## Your goal
Can you set down, exactly as they appear below, the lines from the opening of the material through the one bearing "Clear all CMDTCs, wait", minus the pictures?

## Entries provided
------

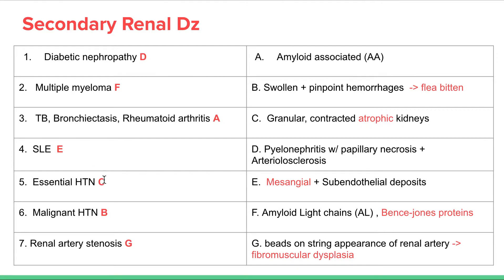Essential hypertension is chronic hypertension. With long-term hypertension, we see granular contracted atrophic kidneys. Compare this to malignant or more acute hypertensive episodes — we see swollen kidneys with pinpoint hemorrhages, the flea-bitten appearance. Renal artery stenosis in younger women is mostly due to fibromuscular dysplasia, where the renal artery appears like beads on a string. In older folks, renal artery stenosis is mostly due to atherosclerosis.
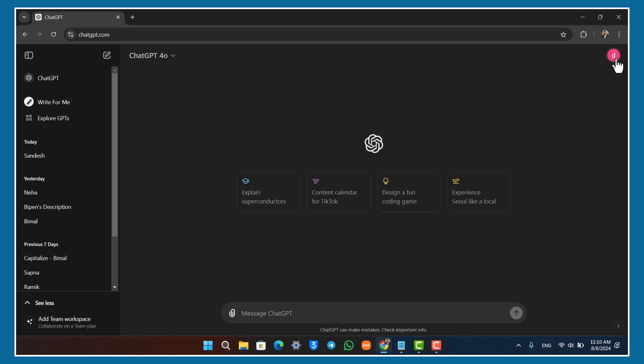Once you go to chatgpt.com, on the top right-hand side, click on your profile icon and go to the Plans option. In my case, I already have a plan, but you can go to the Plans option.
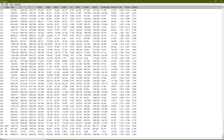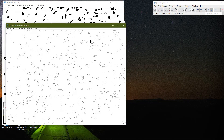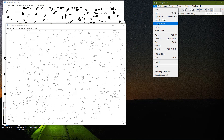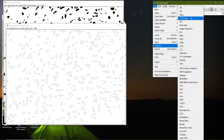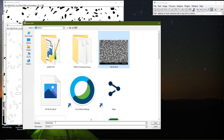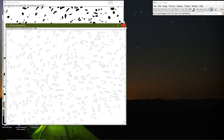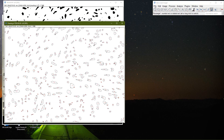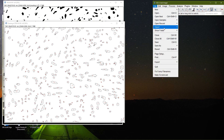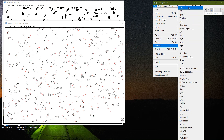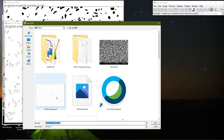It saves as a CSV file. I also want to save the image files: File > Save As > TIFF. I select the image and rename it — for example, 'ellipses' — then save as TIFF.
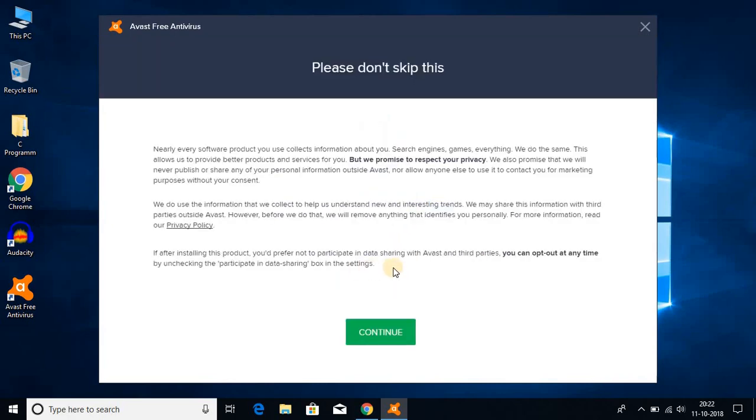Here we have the privacy policy. You can check this privacy policy and after that just click on continue.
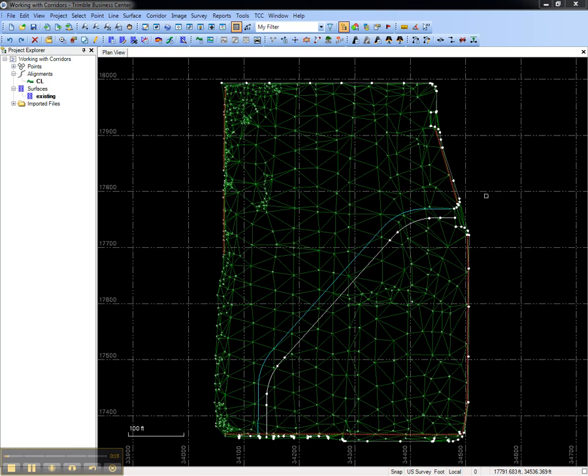The project I have open contains an alignment called CL for centerline and a surface called existing.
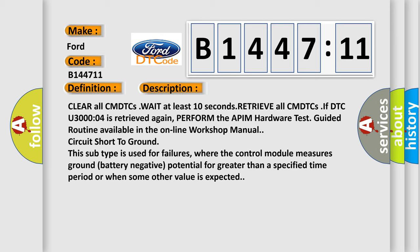Clear all CMDTCs, wait at least 10 seconds, retrieve all CMDTCs. If DTC U3000-04 is retrieved again, perform the APIM hardware test guided routine available in the online workshop manual.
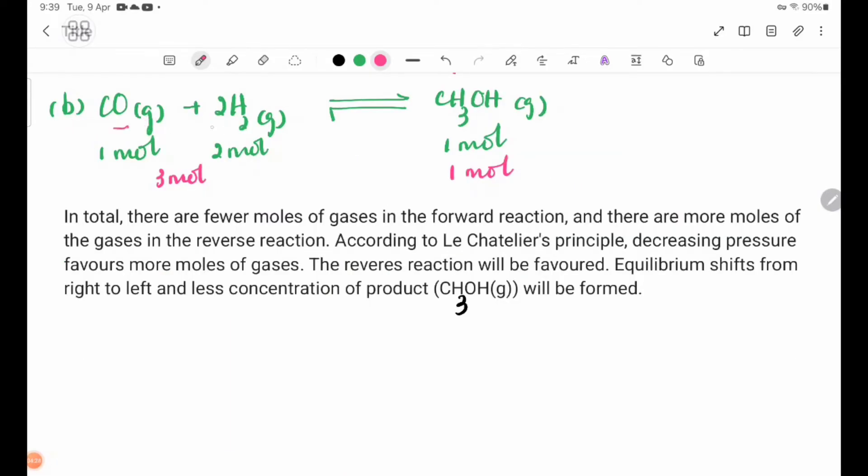Number B: CO gas plus 2H₂ gas, reversible reaction, CH₃OH gas.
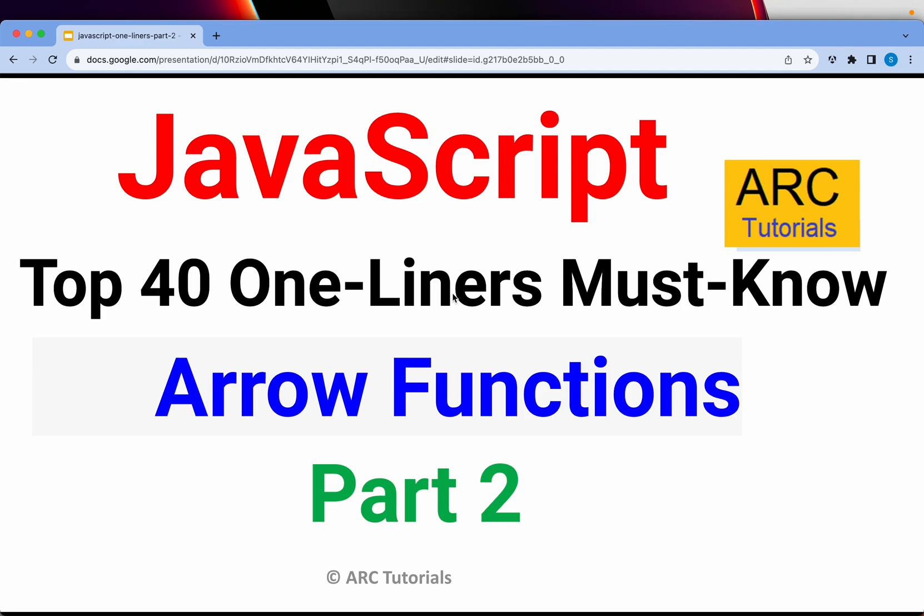Welcome back to ARC Tutorials. This is JavaScript top 40 one-liners that every developer must know and start using in your projects.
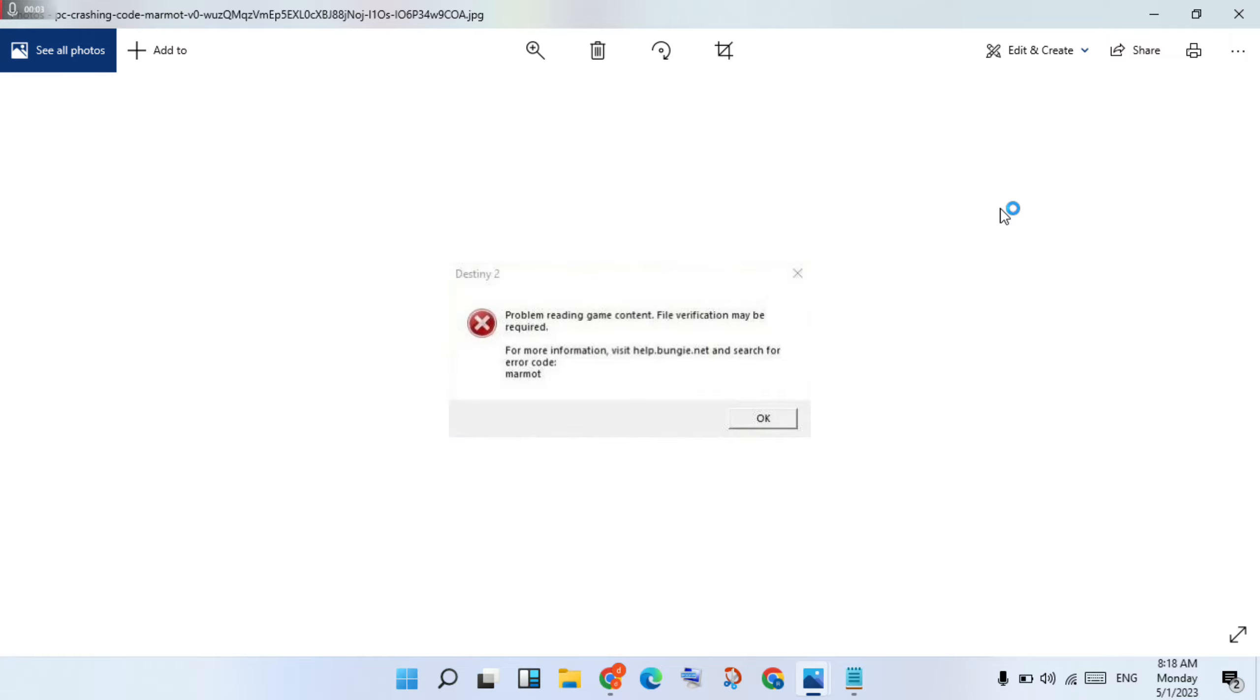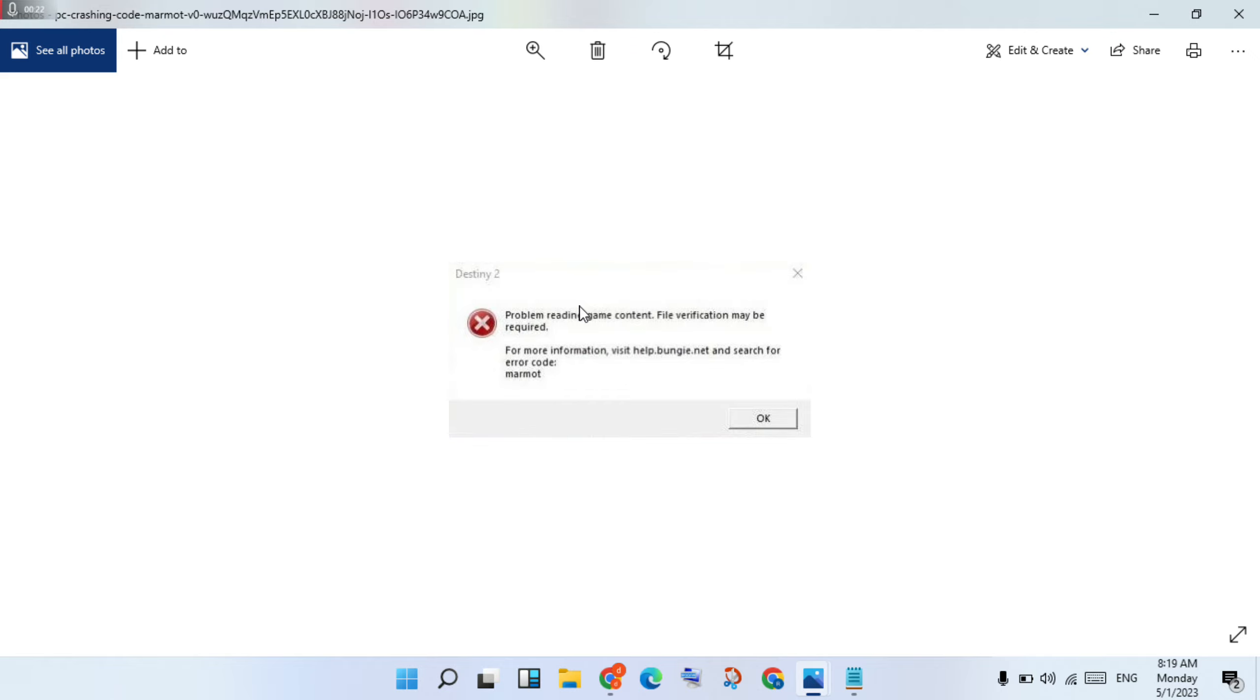Hi, hello guys, welcome to my channel. How to fix this error for Destiny 2 gaming problem. This problem for reading game content file verification may be reserved. This is an error code for the moment.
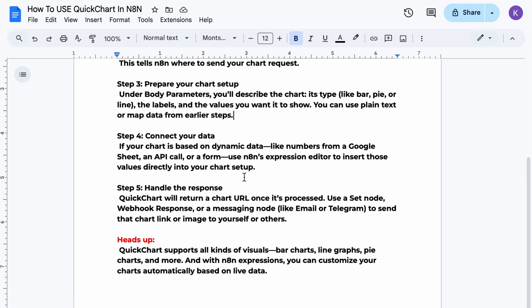Step four, if your chart is based on dynamic data like numbers from a Google Sheet, an API call, or a form, use N8N's expression editor to insert those values directly into your chart setup.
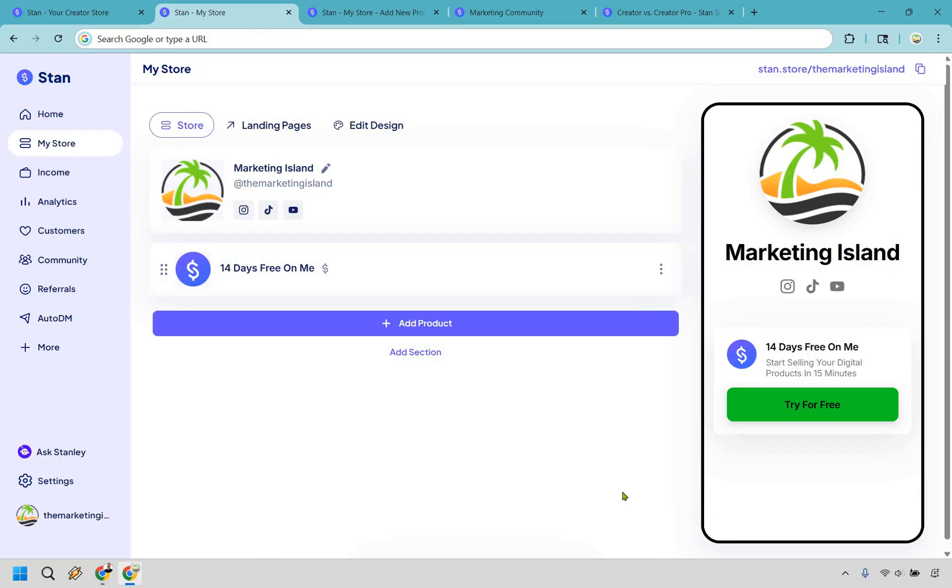So right off the bat, one thing I really love about StanStore is the fact that they are clean, intuitive, and easy to use. It's very easy to navigate around, so even if you're a technophobe, you're going to be in the right spot.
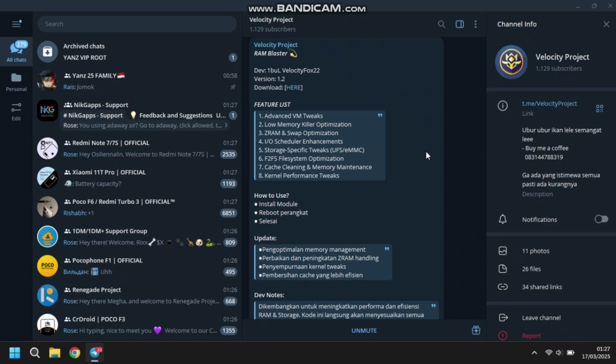Untuk di bagian IOS Scheduler Enhancement, ini ada hubungannya sama memory atau RAM atau mungkin internal gitu. Dan ada Storage Specific Twix — ini khusus UFS dan EMMC. Jadi semua jenis storage yang ada di Android itu kan antara UFS sama EMMC, dan ini universal, jadinya ya mantep lah kalau dioptimalin gitu.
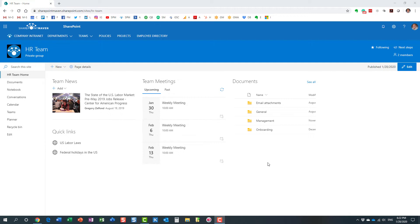Hello, this is Greg from SharePoint Maven. Today I would like to explain to you how to make any SharePoint page the new default home page. The default page is the page that loads by default when you browse to the URL of the SharePoint site.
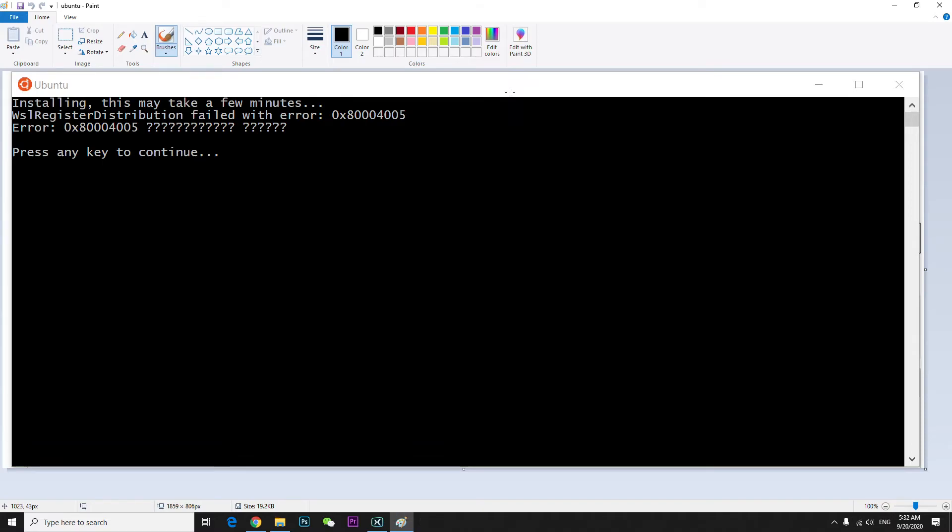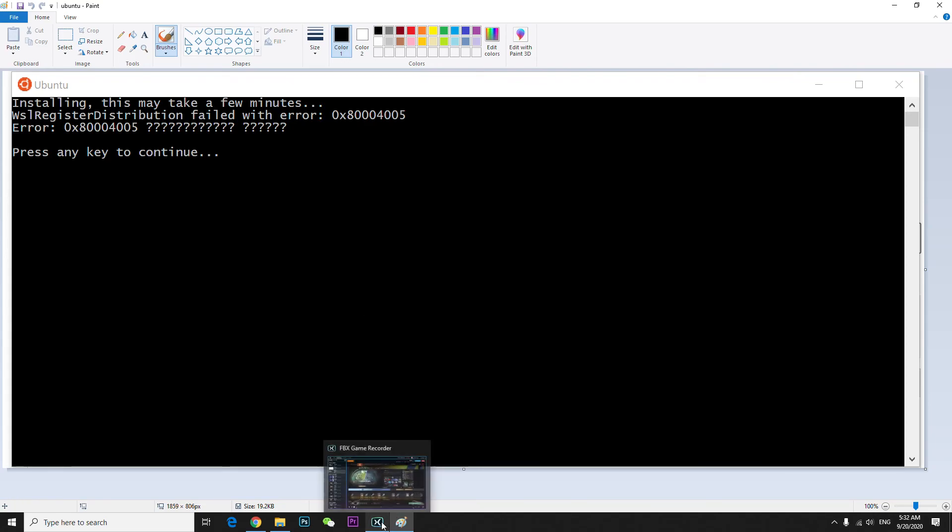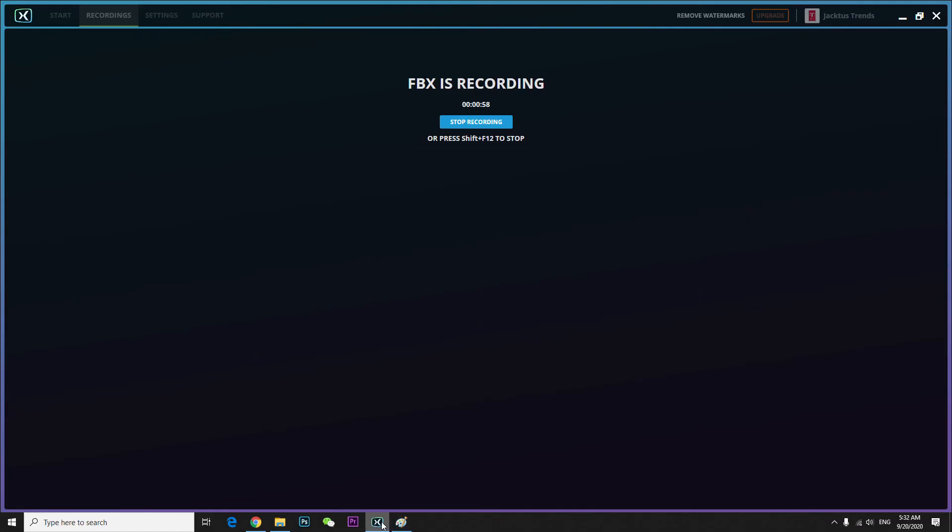Another thing you can do is uninstall the Windows Linux console. For some people that works. Otherwise, hopefully this will work for you. That's all I have to say, thanks for watching, have a nice day.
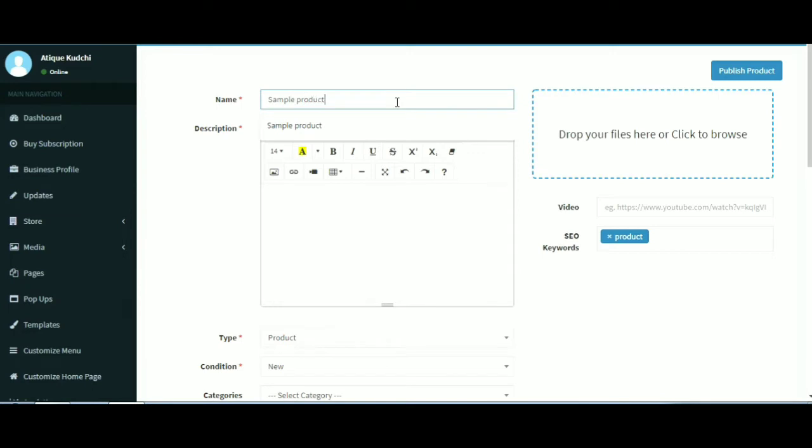Product name, the name of the product you wish to sell. Description, complete information of the product for the user.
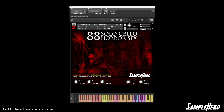Next up: psycho and scrapes. My favorite category — tritone tremolo effects. Take a listen to this chaos.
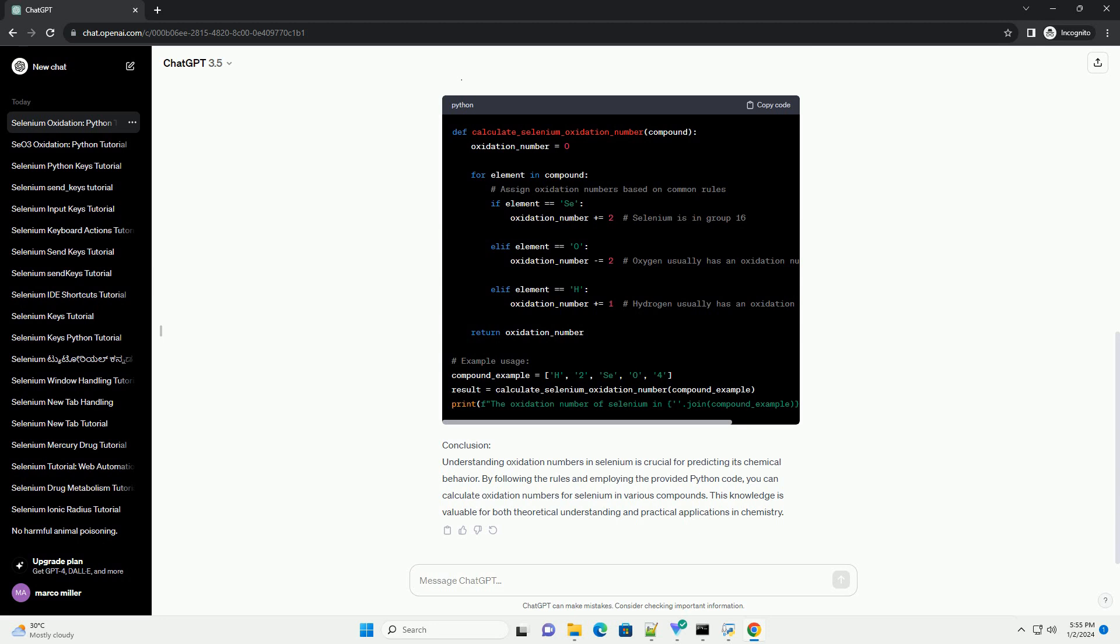Determining Oxidation Numbers for Selenium, Rules for Assigning Oxidation Numbers, Selenium Oxidation Number Examples, Code Example in Python. Let's create a Python function to calculate the oxidation number of selenium in a given compound.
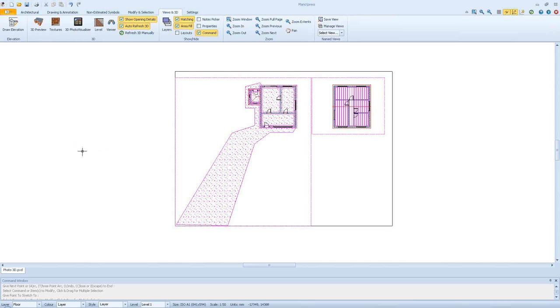Hi, my name is Thomas Brooks and I'm a member of the business support team here at HBXL. Welcome to this quick video. It's going to be taking you through the 3D photo visualizer for the Plans Express software.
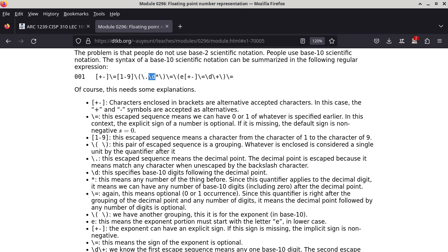After backslash D we have an asterisk, which is also a quantifier. The asterisk says whatever is immediately preceding can occur any number of times, including zero. So when you combine the entire group — a single period followed by any number of zero-to-nine digits — then this entire group is followed by backslash equal to, which means zero or one occurrences. So the decimal point and fractional digits of the mantissa are optional. You can just say three — it's syntactically correct. You can say 3.14, also correct.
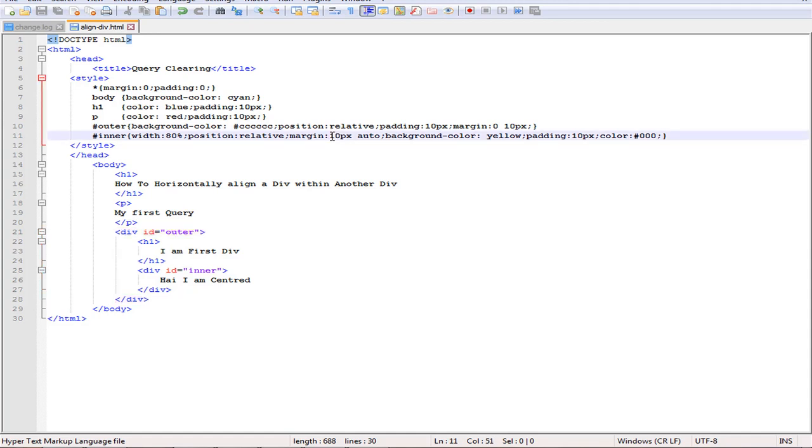Now you can see I have used margin for the inner div as 10 pixel and auto. The top is 10 pixel and left and right have to be equal.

------

## Written answer
Essential hypertension is chronic hypertension. With long-term hypertension, we see granular contracted atrophic kidneys. Compare this to malignant or more acute hypertensive episodes — we see swollen kidneys with pinpoint hemorrhages, the flea-bitten appearance. Renal artery stenosis in younger women is mostly due to fibromuscular dysplasia, where the renal artery appears like beads on a string. In older folks, renal artery stenosis is mostly due to atherosclerosis.
Once you go to chatgpt.com, on the top right-hand side, click on your profile icon and go to the Plans option. In my case, I already have a plan, but you can go to the Plans option.
It saves as a CSV file. I also want to save the image files: File > Save As > TIFF. I select the image and rename it — for example, 'ellipses' — then save as TIFF.
Here we have the privacy policy. You can check this privacy policy and after that just click on continue.
The project I have open contains an alignment called CL for centerline and a surface called existing.
Clear all CMDTCs, wait at least 10 seconds, retrieve all CMDTCs. If DTC U3000-04 is retrieved again, perform the APIM hardware test guided routine available in the online workshop manual.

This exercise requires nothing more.